Shertok, Heidi. Unorthodox Love. Alcove Press, 2023. ISBN 9781639103768. $17.99

****

Our heroine Penina comes from a community of modern Orthodox Jews, where marriage at a young age and having lots of children is highly prized. As an infertile woman, finding a marriage match has not come easily to her, and a traditional shadchan is heroically making a last ditch effort into finding a mate for Penina. Meanwhile, she spends her days volunteering in a local hospital’s NICU, working her jewelry shop job, maintaining her social media presence as a frum fashionista, and going on hotel lobby dates with unsuitable men. When her boss goes out on medical leave and his attractive (secular) son takes over the jewelry store, sparks fly, but handsome Sam annoys the heck out of her,and somehow, their bodies keep colliding in ways that are against the strict rules around unmarried, unrelated male and female proximity. Penina’s sister is in danger of losing her home due to her husband;s failed businesses, and Penina becomes determined not just to marry, but to marry wealthy; when Sam learns she’s become engaged and will settle for a marriage in name only, he has some opinions.

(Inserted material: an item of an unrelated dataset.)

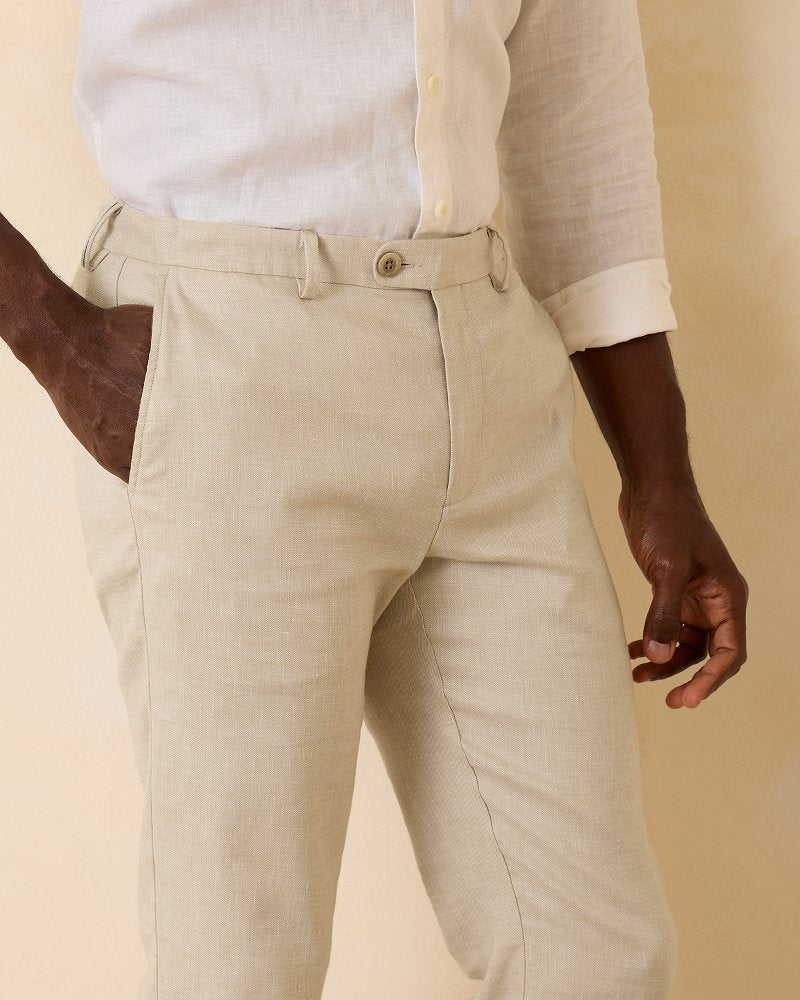 Latigo Beach Linen-Blend Flat-Front Pants - Tommy Bahama Men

This is a wonderfully authentic portrayal of navigating a complex culture. So many details ring true, from festival observances to the love and obligations of family politics to the Israeli-accented English of Penina’s sister. Shertok tells Penina’s story with a lot of humor and honesty and never devolves to deprecation. The writing is descriptive (the clothing descriptions are amazing!) and evocative, and characters and situations relatable whatever your religious or cultural affiliations.

I received an advance reader’s copy of #UnorthodoxLove from #NetGalley.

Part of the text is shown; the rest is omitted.